Fabio Porto is a Senior Researcher at the Brazilian National Laboratory of Scientific Computing (LNCC). He is the founder of the Data Extreme Lab (DEXL) and Co-director of the National Institute of Science and Technology on Data Science. He conducted doctoral studies at PUC-Rio and a doctoral research stay abroad at INRIA and went on to earn his PhD in Informatics from PUC-Rio in 2001. Between 2004-2007, he was a Postdoc at EPFL. His main research interests involve Big Data analytical algorithms; dataflow optimization and the confluence of Machine Learning and databases.
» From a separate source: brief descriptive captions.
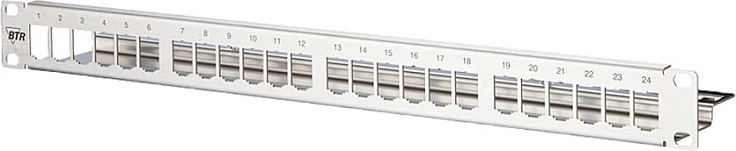 Patch panel rrjeti METZ CONNECT BTR NETCOM 130921-00-E, 24 porta, 1U, inox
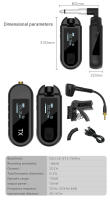 Sistema De Micrófono Para Saxofón Sin Cables Con Clip Instrumento De Transmisión De 100 Pies Recargable M-03 De NILUNWEI - details 14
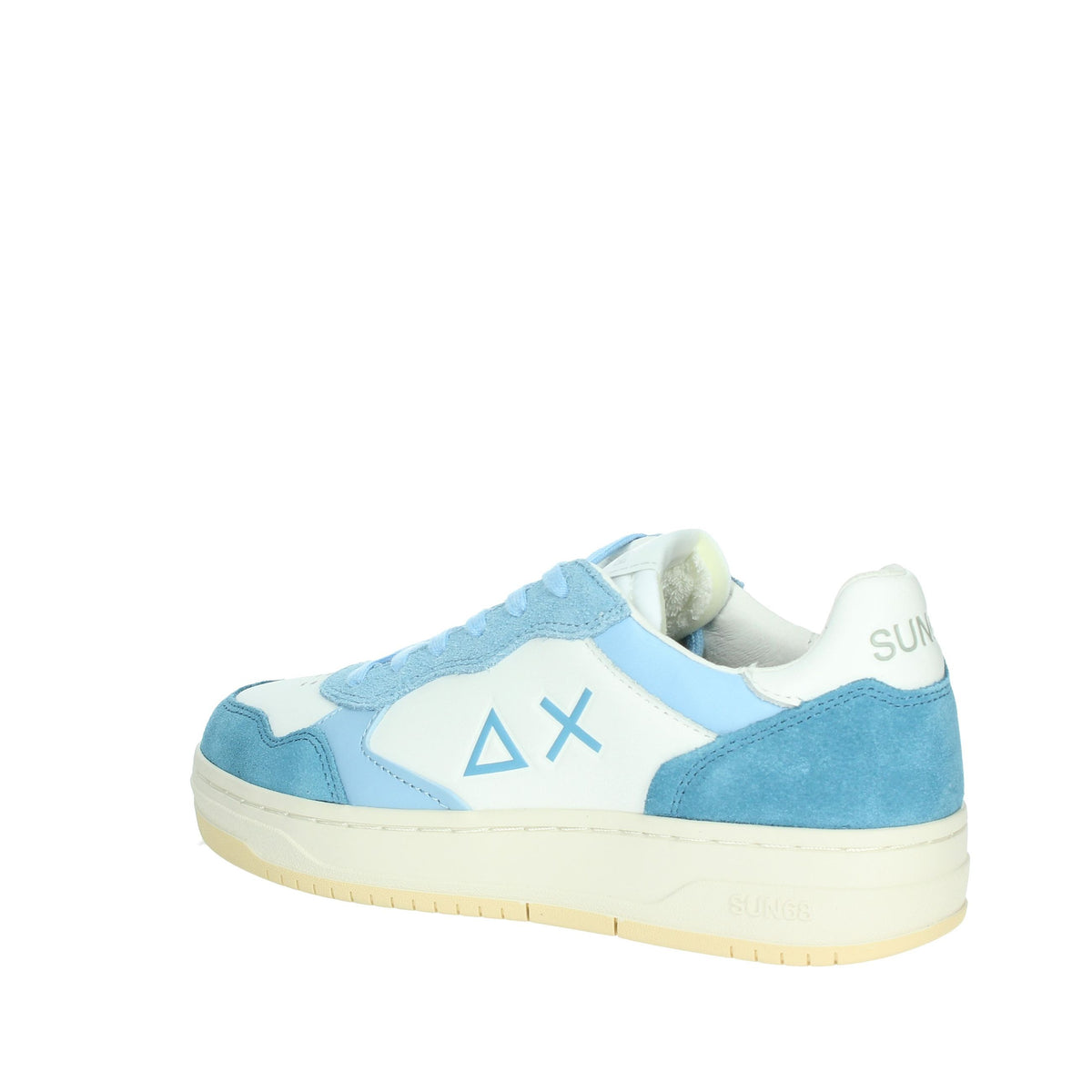 SUN68 Bambini e ragazzi Sneakers bassa Z35348T Bianco/Celeste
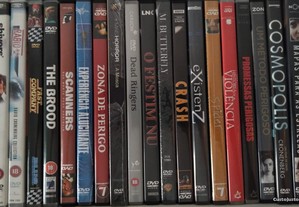 DVDs de filmes de David Cronenberg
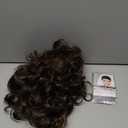 Mens Short Curly Brown Wig Handsome Synthetic Full Wigs Natural Halloween Cosplay Costume Hair Wig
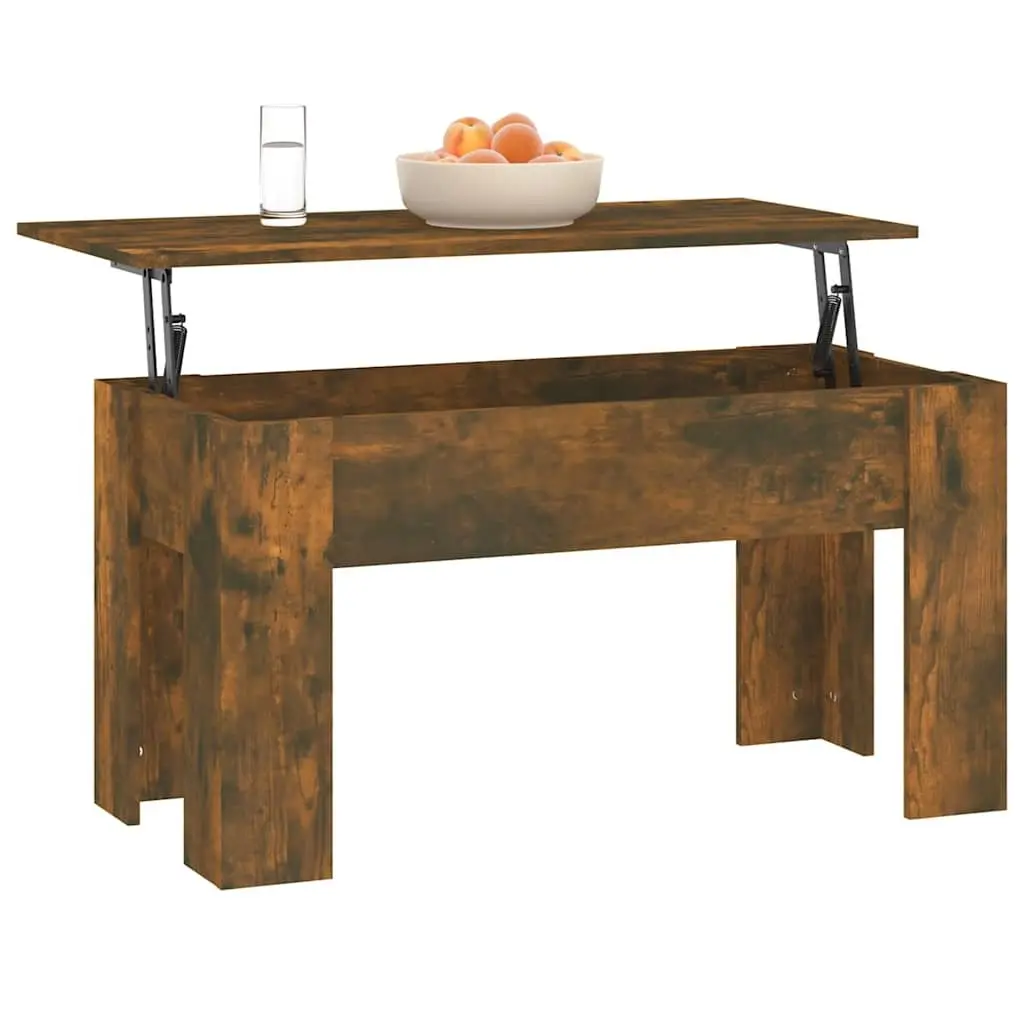 Lift Top Coffee Table Engineered Wood 101 x 49 x 52 cm Brown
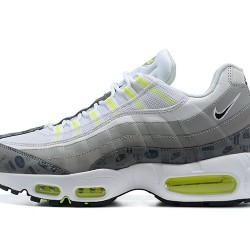 Herre Nike Air Max 95 TT Hvit og Grå Løper sko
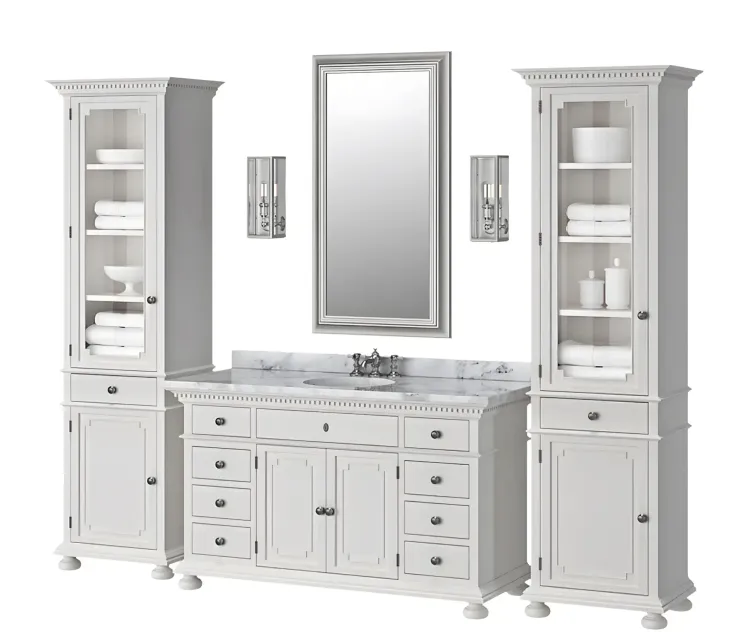 Rh st james single vanity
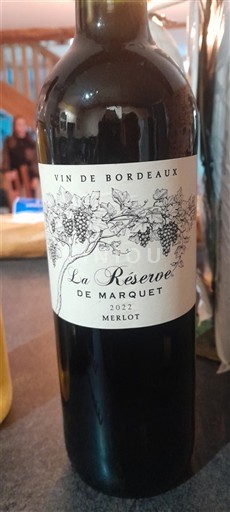 Bordeaux Château Marquet La Réserve 2022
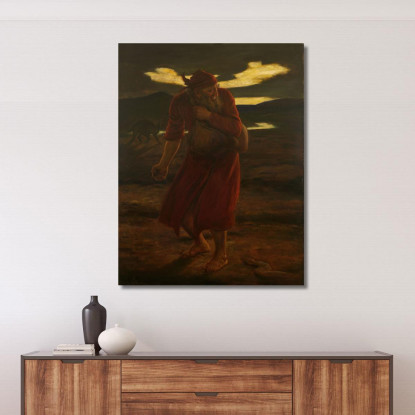 La Parabola Della Zizzania Sir John Everett Millais jem54 quadro stampato su tela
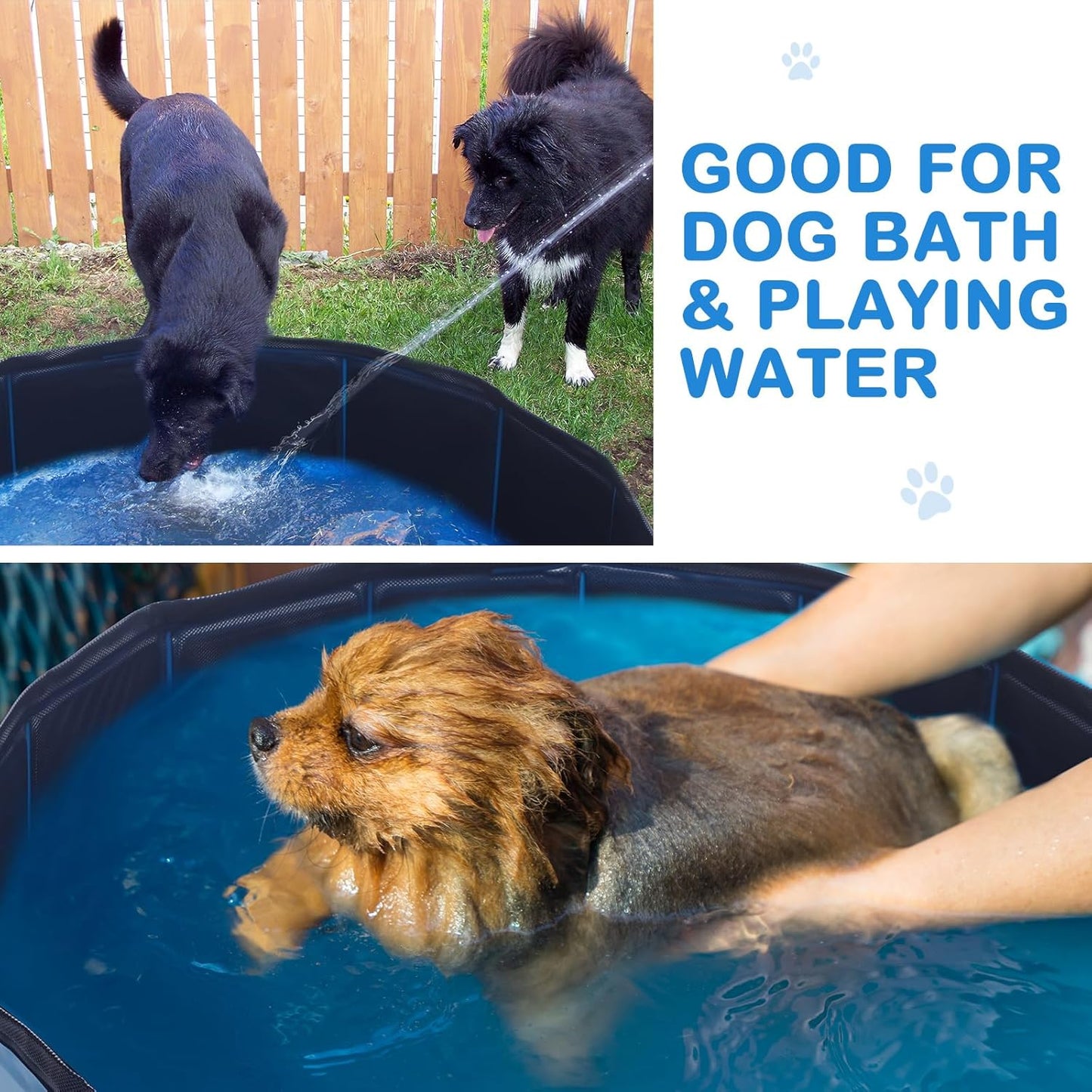 Whelping Pen for Dogs Portable Whelping Box Pool for Small Dogs Puppies with Reusable Pee Pad Washable(Blue,32 x 8 Inch)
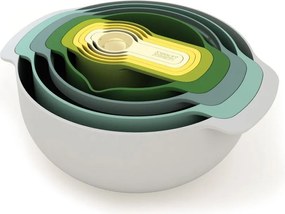 Set 9 boluri universale Joseph Joseph Nest Opal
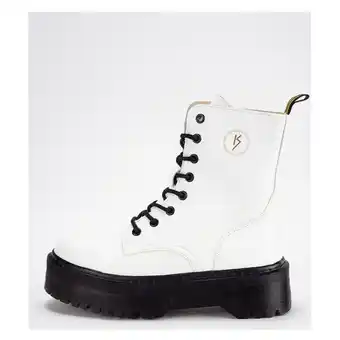 Spartoo Laarzen Keslem Botas en color blanco para aanbieding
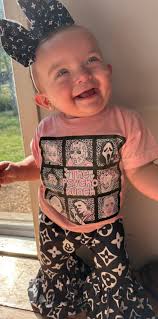 Happy Friday☀️❤️ Mallory's all excited she heard a bow babe IS TURNING  3🥳💕 Gearing up for the big day tomorrow in our pink piggies🤩 Mention  💕Mallory💕 to save and grab you some❤️ |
He has more than 80 research papers published in international conferences and scientific journals, including PVLDB, SIGMOD, SSDBM, and ICDE. He was the General Chair of both VLDB 2018 and SBBD 2015, the Brazilian Symposium on Databases. Since 2018 he has been a member of the SBBD Steering Committee and a member of both SBC (the Brazilian Computer Society) and ACM.

Katarzyna Juraszek, TU Berlin

Title: Extended Kalman Filter for Large Scale Vessels Trajectory Tracking in Distributed Stream Processing Systems

Abstract. The growing number of vehicle data being constantly reported by a variety of remote sensors, such as Automatic Identication Systems (AIS), requires new data analytics methods that can operate at high data rates and are highly scalable. Based on a real-life data set from maritime transport, we propose a large scale vessels trajectory tracking application implemented in the distributed stream processing system Apache Flink. By implementing a state-space model (SSM) – the Extended Kalman Filter (EKF) – we firstly demonstrate that an implementation of SSMs is feasible in modern distributed data flow systems and secondly we show that we can reach a high performance by leveraging the inherent parallelization of the distributed system. In our experiments we show that the distributed tracking system is able to handle a throughput of several hundred vessels per ms. Moreover, we show that the latency to predict the position of a vessel is well below 500 ms on average, allowing for real-time applications. 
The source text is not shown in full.